The graphics cards that we use for gaming/visual enhancement has two basic components: a Graphics Processing Unit (GPU) and off-chip DRAM. GPUs are designed for compute intensive jobs, where CPUs are two slow. On the other hand CPUs are designed for data caching and controlling, where GPUs are useless.
GPUs in general have a highly parallel architecture and in particular some of NVIDIA’s GPUs have 240 cores per processor (compare this with modern CPUs: 2, 4 or 8 cores). With such a parallel architecture, GPUs provide excellent computational platform, not only for graphical applications but any application where we have significant data parallelism. The GPUs thus are not limited to its use as a graphics engine but as parallel computing architecture capable of performing floating point operations at the rate of Tera bytes/s. People have realized the potential of GPUs for highly computational tasks, and have been working in general purpose computation on GPUs (GPGPU) for a long time. However, life before NVIDIA’s Compute Unified Device Architecture (CUDA) was extremely difficult for the programmer, since the programmers need to call graphics API (Open GL, Open MP, Open CV etc.). This also has a very slow learning rate. CUDA solved all these problems by providing a hardware abstraction, hiding the inner details of the GPUs, and the programmer is freed from the burden of learning graphics programming. CUDA is C language with some extensions for processing on GPUs. The user writes a C code, while the compiler bifurcates the code into two portions. One portion is delivered to CPU (because CPU is best for such tasks), while the other portion, involving extensive calculations, is delivered to the GPU(s), that executes the code in parallel. Because C is a familiar programming language, CUDA results in very steep learning curve and hence it is becoming a favorite tool for accelerating various applications. NVIDIA’s CUDA SDK is being employed in a plethora of fields right from the computational finance to Neural network and fuzzy logic to simulations for Nanotechnology.
CUDA has several advantages over traditional general purpose computation on GPUs (GPGPU) using graphics APIs.
· Scattered reads – code can read to arbitrary addresses in memory.

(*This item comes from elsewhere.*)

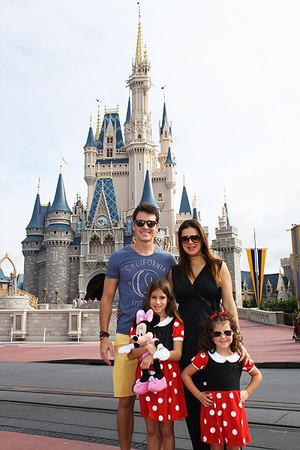 Rodrigo Faro e familia em Orlando (Foto: Divulgação)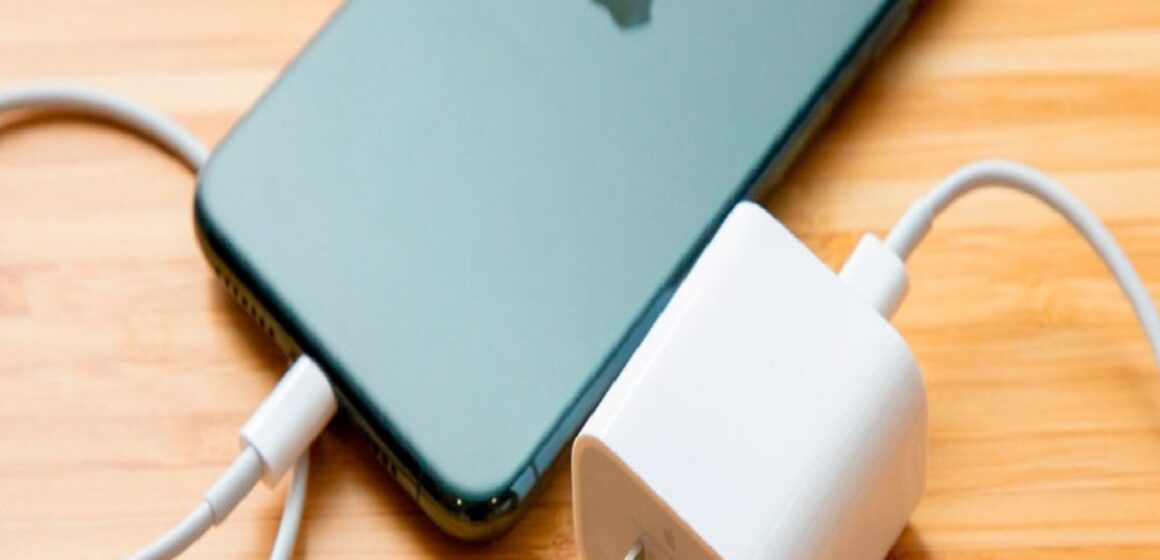 Para acordo sobre carregadores, governo notifica Apple e Samsung e dá 15 dias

· It is high level-basically an extension to C language. So the learning rate
is much higher as compared to the traditional GPGPU.

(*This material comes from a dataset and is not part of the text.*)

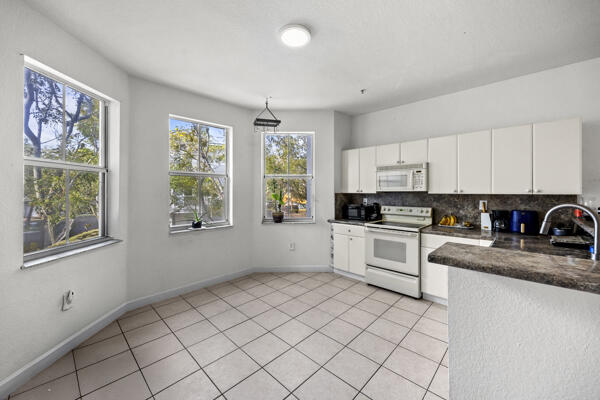 SHOMA TOWNHOMES AT ROYAL PALM BEACH CONDO - Residential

Shared memory – CUDA exposes a fast-shared memory region (16KB
in size) that can be shared amongst threads. This can be used as a
user-managed cache, enabling higher bandwidth than is possible using
texture lookups.
· Faster downloads and readbacks to and from the GPU
· Full support for integer and bit wise operations
In short CUDA lets you exploit these tiny supercomputers i.e GPUs, that ships with your graphics cards, and lets you accelerate your applications significantly ,some time as high as 100 times and even more depending upon how smartly you have exploited the resources of GPUs
So why should one use CUDA?
Though GPUs have way more cores than CPU, it is not the main reason for using GPUs. In-fact, the typical clock speed of a GPU core is way less than the CPU clock speeds of today. Secondly, most financial problems are very sequential. However, they are more repetitive, i.e., pricing a single security is sequential but you can price more securities with more cores. GPUs power is really in their ability to handle floating point more efficiency and more importantly, the SIMD support (single instruction multiple data). Suppose, you have to add two vectors, a CPU will take linear time to execute the add operation because you will have a loop in your code to add each element separately. On the other hand, GPU’s support vector add instructions which can typically add up to 128 elements in constant time.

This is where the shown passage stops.